**Requirement**
Only one stretch of the listing below is wanted. Give it again exactly, from the line with "SOLECTRIA RAPID SHUTDOWN" through the line with "配位高度不饱和的晶格应变低温甲烷化催化剂的制备及构效关系研究".

**Provided records**
──────────

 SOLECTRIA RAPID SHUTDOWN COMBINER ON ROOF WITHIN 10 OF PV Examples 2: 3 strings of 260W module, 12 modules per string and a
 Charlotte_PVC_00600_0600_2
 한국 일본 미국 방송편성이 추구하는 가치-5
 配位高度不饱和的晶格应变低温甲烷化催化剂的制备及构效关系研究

──────────

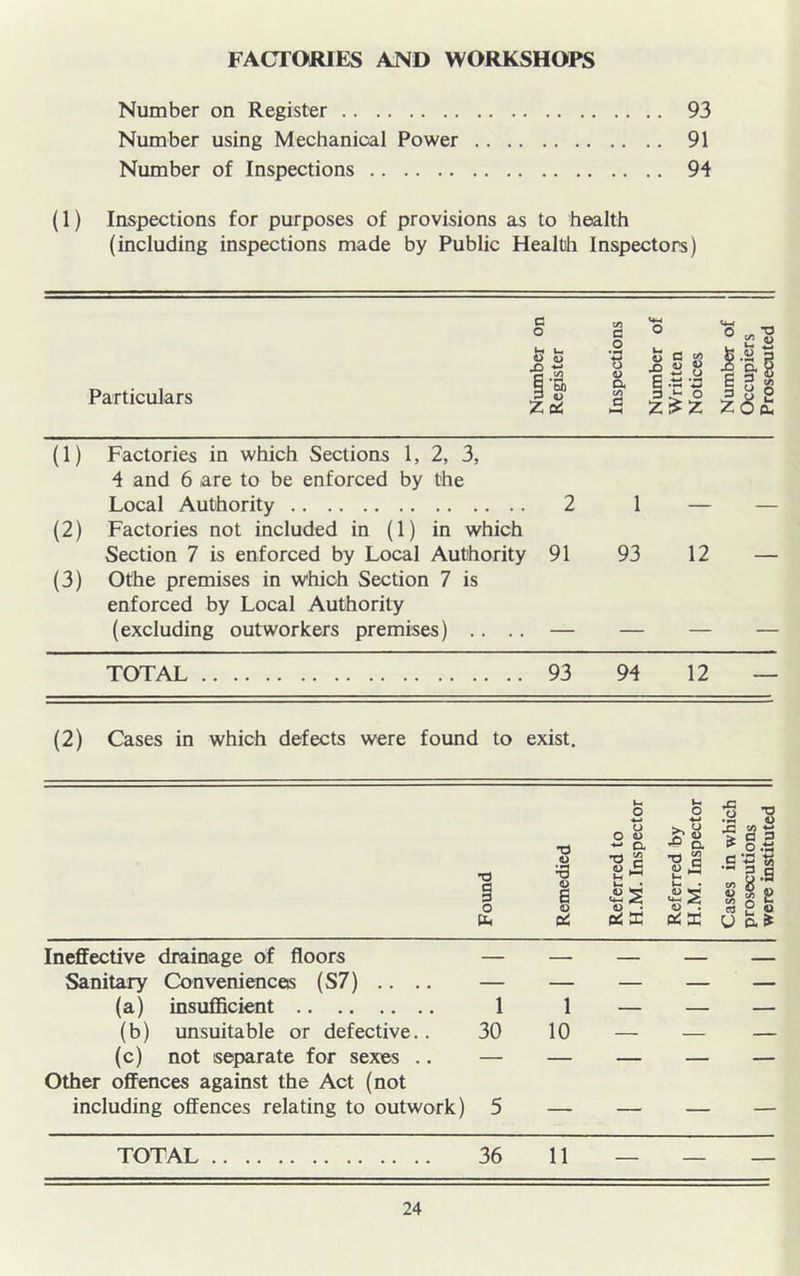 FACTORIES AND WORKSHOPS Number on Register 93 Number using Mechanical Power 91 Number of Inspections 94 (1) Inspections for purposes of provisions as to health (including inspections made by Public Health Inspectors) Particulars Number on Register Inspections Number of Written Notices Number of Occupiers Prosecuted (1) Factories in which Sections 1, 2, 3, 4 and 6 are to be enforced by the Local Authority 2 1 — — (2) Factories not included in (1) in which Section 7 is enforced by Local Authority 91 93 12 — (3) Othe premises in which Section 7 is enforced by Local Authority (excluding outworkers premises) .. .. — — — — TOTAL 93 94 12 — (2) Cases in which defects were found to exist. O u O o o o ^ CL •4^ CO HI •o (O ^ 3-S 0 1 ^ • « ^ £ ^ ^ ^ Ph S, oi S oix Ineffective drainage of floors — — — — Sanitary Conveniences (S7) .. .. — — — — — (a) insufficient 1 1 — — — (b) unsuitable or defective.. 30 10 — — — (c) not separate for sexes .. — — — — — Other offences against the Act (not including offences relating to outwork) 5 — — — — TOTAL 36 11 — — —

──────────

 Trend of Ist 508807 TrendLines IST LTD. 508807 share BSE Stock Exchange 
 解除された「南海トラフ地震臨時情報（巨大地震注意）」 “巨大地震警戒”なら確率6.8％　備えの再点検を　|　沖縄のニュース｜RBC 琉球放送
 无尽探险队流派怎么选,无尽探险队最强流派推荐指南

──────────

**Answer to this task**
 SOLECTRIA RAPID SHUTDOWN COMBINER ON ROOF WITHIN 10 OF PV Examples 2: 3 strings of 260W module, 12 modules per string and a
 Charlotte_PVC_00600_0600_2
 한국 일본 미국 방송편성이 추구하는 가치-5
 配位高度不饱和的晶格应变低温甲烷化催化剂的制备及构效关系研究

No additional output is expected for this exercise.